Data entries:
########################################
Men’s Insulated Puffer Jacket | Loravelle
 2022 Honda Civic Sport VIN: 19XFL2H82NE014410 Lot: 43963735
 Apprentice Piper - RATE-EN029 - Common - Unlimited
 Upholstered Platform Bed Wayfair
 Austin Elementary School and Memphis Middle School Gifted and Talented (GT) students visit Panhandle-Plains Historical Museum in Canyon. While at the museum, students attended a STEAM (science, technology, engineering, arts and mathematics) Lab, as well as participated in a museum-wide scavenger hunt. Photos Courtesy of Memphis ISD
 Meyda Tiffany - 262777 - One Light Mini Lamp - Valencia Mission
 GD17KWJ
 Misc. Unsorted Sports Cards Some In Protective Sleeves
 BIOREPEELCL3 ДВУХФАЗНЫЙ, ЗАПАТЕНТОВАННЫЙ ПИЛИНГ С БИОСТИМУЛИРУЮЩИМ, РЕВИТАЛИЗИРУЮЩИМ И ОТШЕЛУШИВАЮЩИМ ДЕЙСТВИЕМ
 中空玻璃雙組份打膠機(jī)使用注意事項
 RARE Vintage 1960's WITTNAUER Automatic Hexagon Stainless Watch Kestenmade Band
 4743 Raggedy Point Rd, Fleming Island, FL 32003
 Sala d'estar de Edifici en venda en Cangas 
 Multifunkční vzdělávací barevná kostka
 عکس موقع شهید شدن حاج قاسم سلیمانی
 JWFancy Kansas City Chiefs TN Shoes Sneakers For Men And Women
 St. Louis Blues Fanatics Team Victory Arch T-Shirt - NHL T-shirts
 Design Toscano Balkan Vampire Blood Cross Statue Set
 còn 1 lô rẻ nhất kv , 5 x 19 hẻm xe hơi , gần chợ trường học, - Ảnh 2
########################################
### EXERCISE INSTRUCTIONS:
Retype all the data, changing nothing.

### TASK OUTPUT:
Men’s Insulated Puffer Jacket | Loravelle
 2022 Honda Civic Sport VIN: 19XFL2H82NE014410 Lot: 43963735
 Apprentice Piper - RATE-EN029 - Common - Unlimited
 Upholstered Platform Bed Wayfair
 Austin Elementary School and Memphis Middle School Gifted and Talented (GT) students visit Panhandle-Plains Historical Museum in Canyon. While at the museum, students attended a STEAM (science, technology, engineering, arts and mathematics) Lab, as well as participated in a museum-wide scavenger hunt. Photos Courtesy of Memphis ISD
 Meyda Tiffany - 262777 - One Light Mini Lamp - Valencia Mission
 GD17KWJ
 Misc. Unsorted Sports Cards Some In Protective Sleeves
 BIOREPEELCL3 ДВУХФАЗНЫЙ, ЗАПАТЕНТОВАННЫЙ ПИЛИНГ С БИОСТИМУЛИРУЮЩИМ, РЕВИТАЛИЗИРУЮЩИМ И ОТШЕЛУШИВАЮЩИМ ДЕЙСТВИЕМ
 中空玻璃雙組份打膠機(jī)使用注意事項
 RARE Vintage 1960's WITTNAUER Automatic Hexagon Stainless Watch Kestenmade Band
 4743 Raggedy Point Rd, Fleming Island, FL 32003
 Sala d'estar de Edifici en venda en Cangas 
 Multifunkční vzdělávací barevná kostka
 عکس موقع شهید شدن حاج قاسم سلیمانی
 JWFancy Kansas City Chiefs TN Shoes Sneakers For Men And Women
 St. Louis Blues Fanatics Team Victory Arch T-Shirt - NHL T-shirts
 Design Toscano Balkan Vampire Blood Cross Statue Set
 còn 1 lô rẻ nhất kv , 5 x 19 hẻm xe hơi , gần chợ trường học, - Ảnh 2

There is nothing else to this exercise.